Это Пастернак, рекомендуя вернуться, скажет ей в Париже:
...
"Марина, ты полюбишь колхозы…"
Она:
...
"Воспевать к[олхо]зы и з[аво]ды – то же самое, что счастливую любовь. Я не могу "
(июль 1935 г.).
Она: прозревает – как поэт и как любящая – грядущее, его травлю, его гибель, до которой она не доживет. Видит – далекое, но будущее.
Письмо последнее – март 1936-го:
...
"Ничего ты не понимаешь, Борис (о лиана, забывшая Африку!) – ты Орфей, пожираемый зверями: пожрут они тебя.
Тебя сейчас любят все , п. ч. нет Маяковского и Есенина, ты чужое место замещаешь – надо же кого-нибудь любить! – но, любя, уже стараются[над строкой: ломают, обкарнывают по своему образу-подобию]…
Тебя никакие массы любить не могут, так же как ты – никаких масс любить не можешь… и, по чести: чем масса – судья? (твоим стихам и тебя)…
Судья тв[оим] стих[ам], Борис, – твоя совесть …, судья тебе – твой локоть, твой висок, твоя тетр[адь]".

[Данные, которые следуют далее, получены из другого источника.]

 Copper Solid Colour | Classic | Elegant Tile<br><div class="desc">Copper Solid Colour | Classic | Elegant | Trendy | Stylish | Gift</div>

Цветаева – по-настоящему цельный и бескомпромиссный человек. В последнем письме она буквально выговаривает Пастернаку – за одно, за другое, за третье. Зачем "мазался", полемизируя с Безыменским? Зачем, – когда ясно, что говорят и пишут о нем "с откровенностью заборов , где тоже все сказано и даже нарисовано – только не подписано", то есть бранью матерной!

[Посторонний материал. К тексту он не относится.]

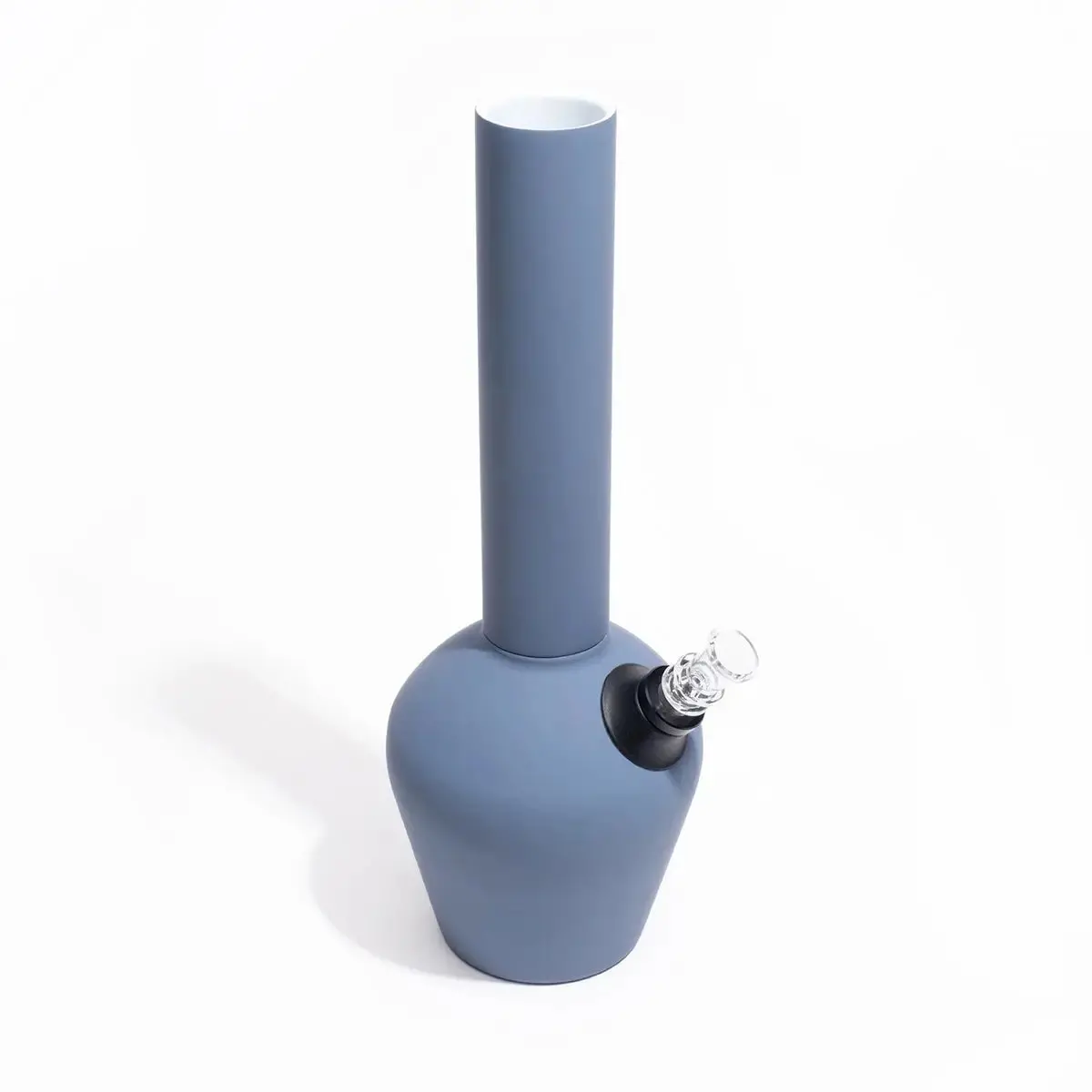 Chill - Limited Edition - Steel Blue Rubberized Bong 1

Пастернак же – неконфликтный, даже компромиссный, вступающий в отношенья, успокаивающий дураков и бездарей, как опасных животных, улаживающий. Так, он оговаривает Цветаевой 30 мая 1929 г.: "Я люблю людей обыкновенных, и сам – обыкновенный человек". В этом письме он рассказывает о драматическом конфликте, о "путаном деле" О. Мандельштама (Мандельштам извинился перед Горнфельдом за ошибку издательства "Земля и фабрика", не поместившего на титульном листе имена авторов обработанного О. Мандельштамом перевода книги Ш. де Костера "Тиль Уленшпигель", но скандал все равно раздули) и заключает: "На его и его жены (Осипа и Надежды Мандельштам – Н. И .) взгляд я – обыватель…" Имеется в виду – соглашатель.

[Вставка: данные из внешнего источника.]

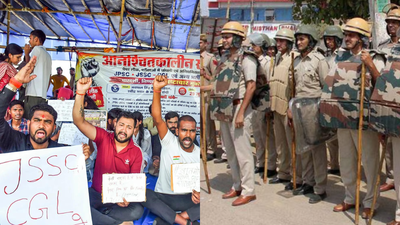JPSC-JSSC protest: Security tightened, prohibitory orders clamped in Ranchi ahead of students' Vidhan Sabha march
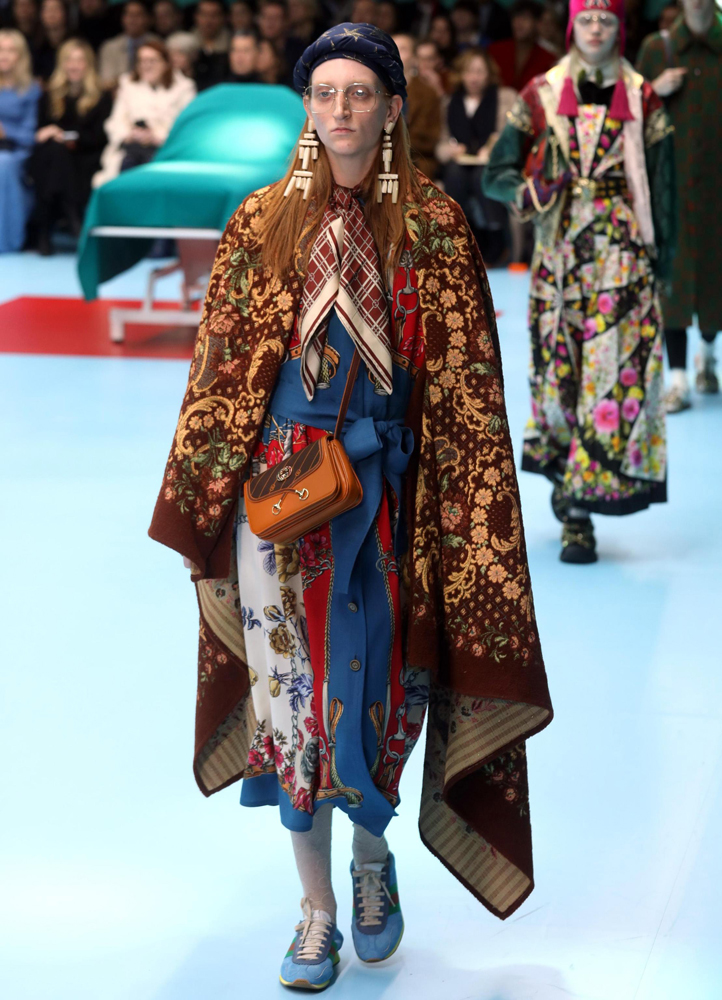 MİLANO MODA HAFTASINDA GUCCI DEFİLESİ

До – определенного предела.
Но Цветаева этот предел, когда все перейдет внутри него в сопротивление, – "да… да… да… нет!" – не услышит.
(А из предпоследнего письма – пожелание: "Меньше думай о себе".)
Впрочем, Цветаева была провидицей не только судьбы Пастернака, но через него – своей.
Дело в том, что ни перед антифашистским конгрессом (а он ехал в Париж через Германию), ни после него Пастернак так и не заехал к родителям, которых не видел с марта 1923 года (и не увидит больше никогда). Это недочувствие потрясло Цветаеву. Она пишет:
...
"Теперь – не бойся, после того, что ты сделал с отцом и матерью, ты уже мне никогда ничего не сможешь сделать. Это (нынче, в письме: проехал мимо…) был мой последний, сокрушительный удар от тебя, ибо я сразу подумала – и вовсе не косвенный, а самый прямой, ибо я сразу подумала: если так поступил Б. П., лирический поэт, то чего же мне ждать от Мура? Удара в лицо?"
Предчувствовала судьбу свою – и Пастернака – Цветаева тогда, когда о будущей драме Пастернака и своей трагедии она и догадываться еще не могла. А в конце 20-х Пастернак сам скажет "М. Ц." пророческие слова – только не о себе и не о ней, а о целой эпохе:
Мне все равно, какой фасон
Сужден при мне покрою платьев.
Любую быль сметут, как сон,
Поэта в ней законопатив.
Клубясь во много рукавов,
Он двинется, подобно дыму,
Из дыр эпохи роковой
В иной тупик непроходимый.
Он вырвется, курясь, из прорв
Судеб, расплющенных в лепеху,
И внуки скажут, как про торф:
Горит такого-то эпоха.
Музыка во льду
Эпоха новая ощущала себя окончательной. Подводящей итог и триумфально завершающей историю человечества. Выстраивалась как эпос, на века, осознавая себя в масштабных категориях. Пастернак считал, что после 1917 года лирика перестала звучать.
...
"Стихи не заражают больше воздуха, каковы бы ни были их достоинства. Разносящей средой звучания была личность. Старая личность разрушилась, новая не сформировалась. Без резонанса лирика немыслима"
(ответ на анкету "Ленинградской правды" от 18 января 1926 г.).
Мысль Пастернака об утрате лирики, поскольку личность – разрушена, перекликается с мыслью Мандельштама о конце романа – поскольку человеческая биография, основа романного сознания, распылена.